Hi. I'm wondering if anyone out there can give me any information regarding the possible value of a 1984 Nissan Sentra 4 cylinder diesel? This is a 50 Year anniversary model. It belongs to my brother-in-law and I told him that I would try to research the value if any. If there is even a website that someone can give me info about going to, I'll do that. I have done some research on my own, but so far can't seem to locate anything on a 50 Year Anniversary model. Thanks, QAAM


----------



## El_Presidente (Oct 22, 2002)

Hmm, I've never heard of it, try checking out the B11/B12 section


----------



## Guest (Jan 2, 2003)

Thanks, I will do that. QAAM


----------



## Guest (Jan 2, 2003)

*1984 50th Anniversary Sentra*

El Presidente-You had said to try section B11/B12 and I thought I knew where that was.
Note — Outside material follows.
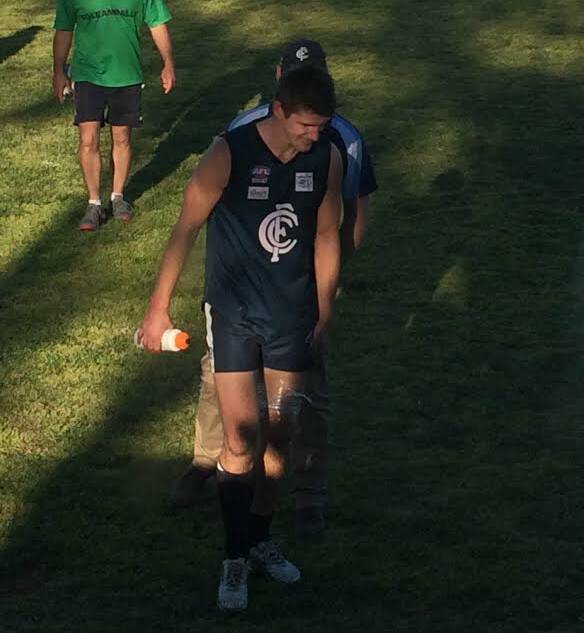 Coleambally ruckman-forward Dean Pound limps from Langtry Oval with ice on his left hamstring.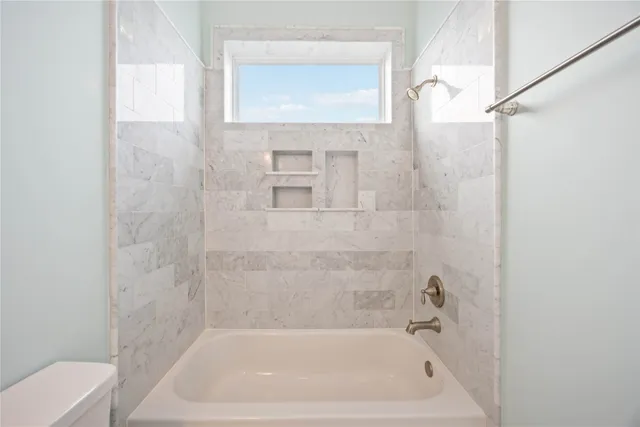 a bath tub sitting next to a white sink and a toilet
Guess I don't, as I'm lost. I went back thru the area that list the different areas to submit your questions, as that is where I thought you were referring to. Can you direct me now?
Thanks, QAAM


----------



## stealthb14 (Apr 30, 2002)

qaam,

Click on the Forum labled "Sentra, NX, G20, 200SX " Once in there Scroll to the "B11 - B12 Chassis" and Click on that. And there your there.


----------